Magnetic Signatures of a Putative Fractional Topological Insulator in Twisted MoTe2

The interplay among electronic correlation, topology, and time-reversal-symmetry (TRS) often leads to exotic quantum states of matter. Primary examples include the recently realized fractional Chern insulators (FCIs) in twisted MoTe2 bilayers (tMoTe2) 1–4 and multilayer graphene aligned with hBN 5, where TRS is broken in partially filled flat moiré Chern bands. Among the FCIs in tMoTe2, the most robust is at a hole filling of v = -2/3 per moiré unit cell 1–4,6,7. Interestingly, transient optical sensing 8 and more recent transport measurements 9,10 revealed a correlated state at v = -4/3, twice the filling factor for the v = -2/3 FCI. Here, employing pump-probe circular dichroism (CD) measurements on tMoTe2 with twist angles θ = 3.9^o and 3.7^o, we find that the v = -4/3 state exhibits vanishing magnetization (m = 0) in finite windows of out-of-plane magnetic field |µ0H| ≤ ~2-4 mT, and a first order phase transition to ±m states at higher fields. This out-of-plane antiferromagnetic (AFM) like behavior is notably absent for all other correlated states and disappears for the v = -4/3 state at higher or lower twist angles of θ = 4.0^o and 3.3^o.
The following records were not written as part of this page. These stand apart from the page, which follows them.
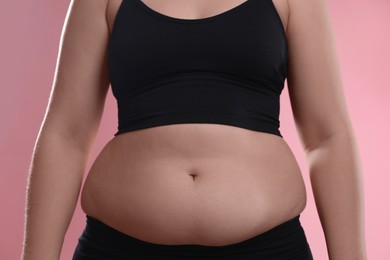 Woman with excessive belly fat on pink background, closeup. Overweight problem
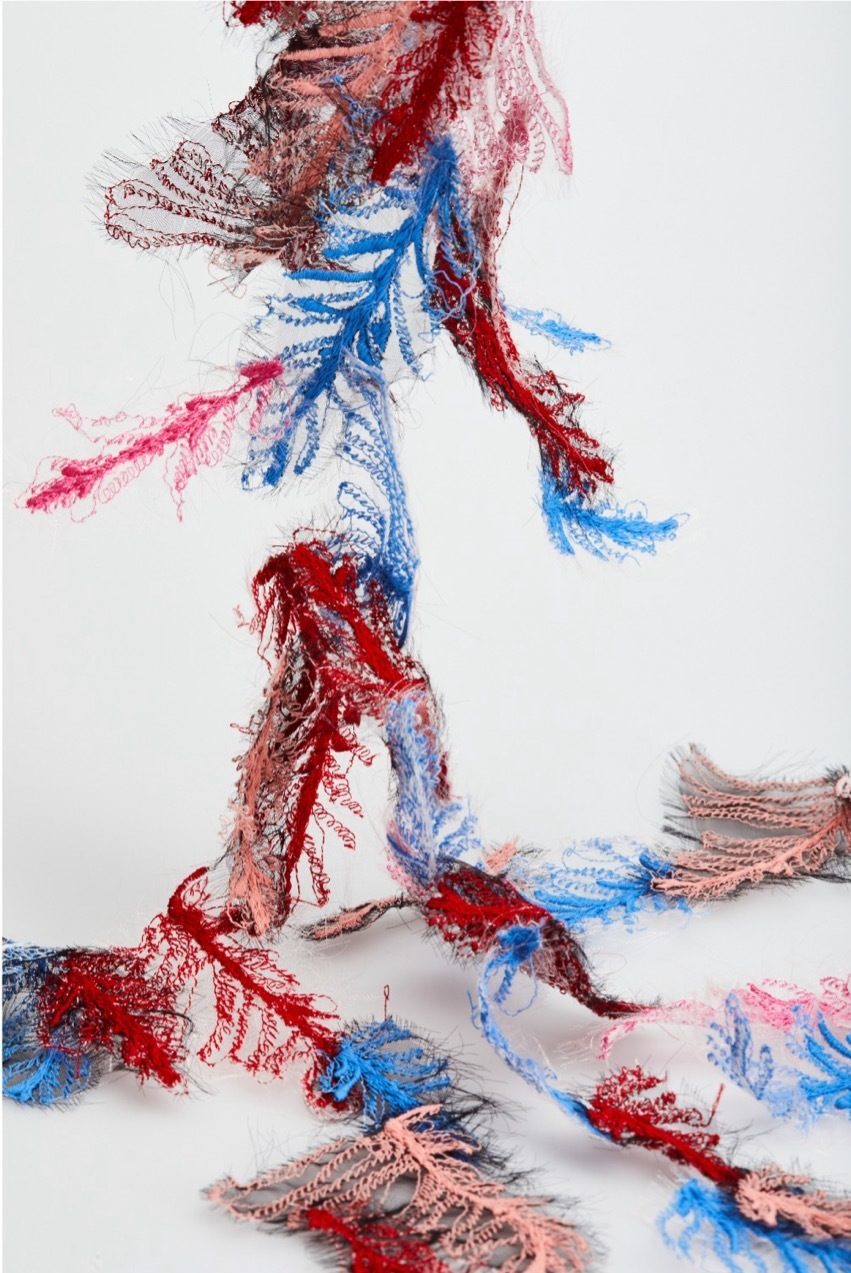 Abstract feathered textiles on a white background, red, blue and pink.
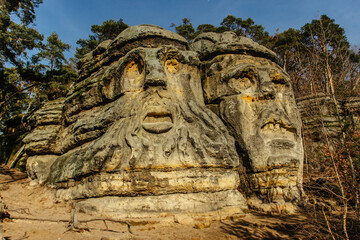 Fototapeta na wymiar Two giant heads of devils carved into sandstone rocks,each is about 9m high.Devils Heads created by Vaclav Levy near Libechov, Czech republic.Cliff carvings carved in pine forest.Tourist attraction.
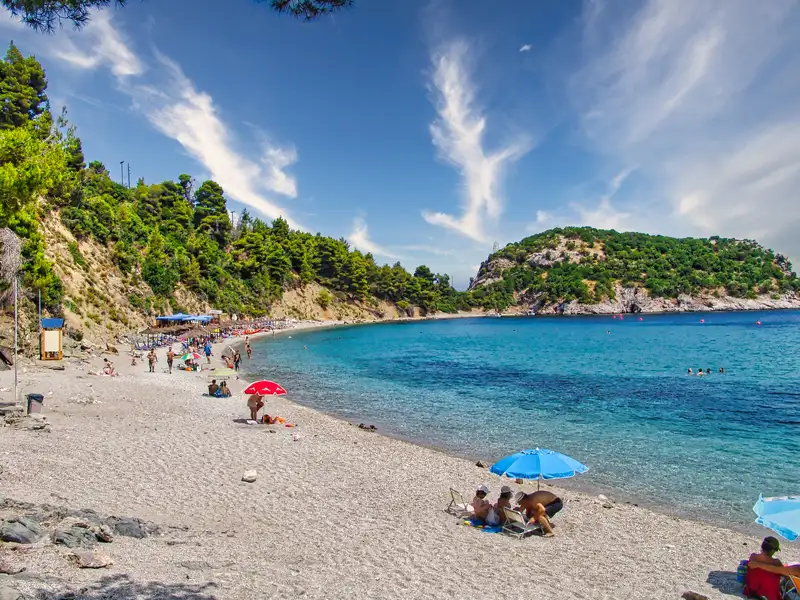 The curved bay of Stafylos beach below green headlands on Skopelos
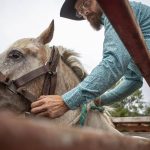 Ryan Anderson prepares to ride during the Timberbowl Rodeo in Darrington, Washington, on Saturday, June 29, 2024. (Annie Barker / The Herald)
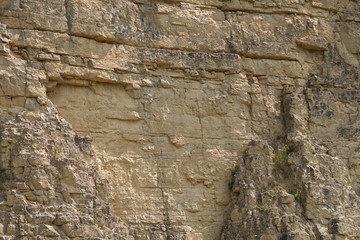impressive huge steep wall in a surface quarry, stone texture, can be used as background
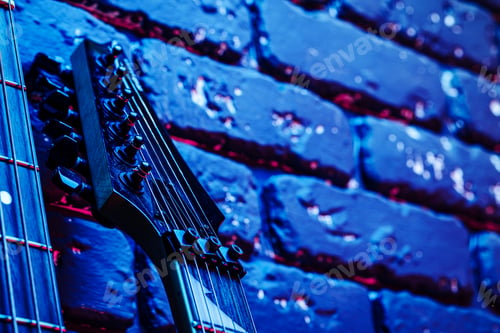 Preview: Guitar headstock with tuners on dark background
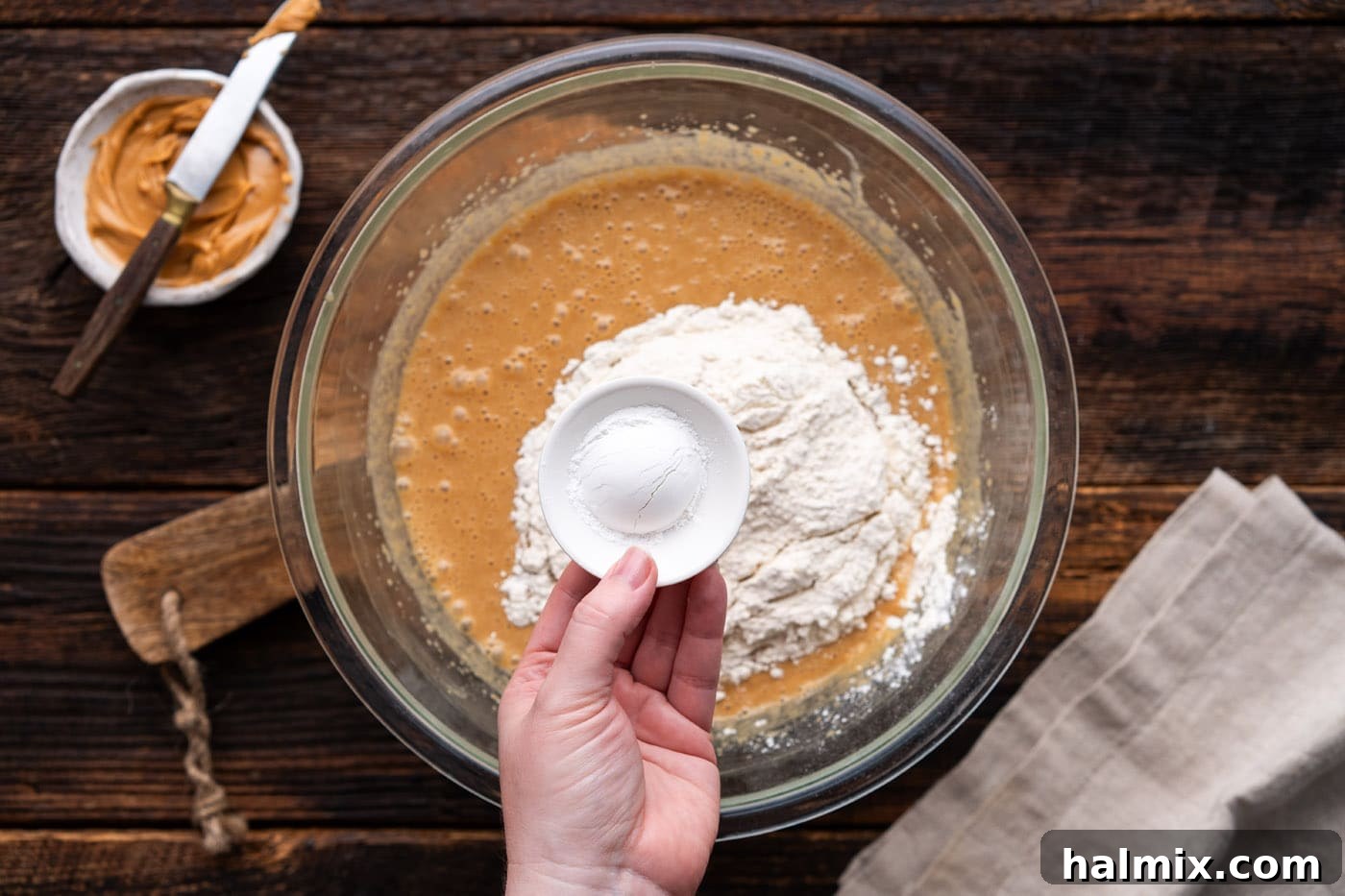 Dry ingredients including flour, baking powder, and salt being added to the peanut butter batter.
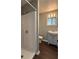 Updated bathroom featuring a walk-in shower, modern vanity, and fresh fixtures, offering a comfortable and functional space at 499 Oak Way, Lawrenceville, GA 30046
The observed magnetic signature at v = -4/3 is consistent with a predicted fractional topological insulator (FTI) with TRS, consisting of two copies of -2/3 FCIs with opposite chiralities 11. We support these findings with calculations in the interacting continuum model of tMoTe2. Our work presents a candidate for fractional topological insulators with TRS 12–14.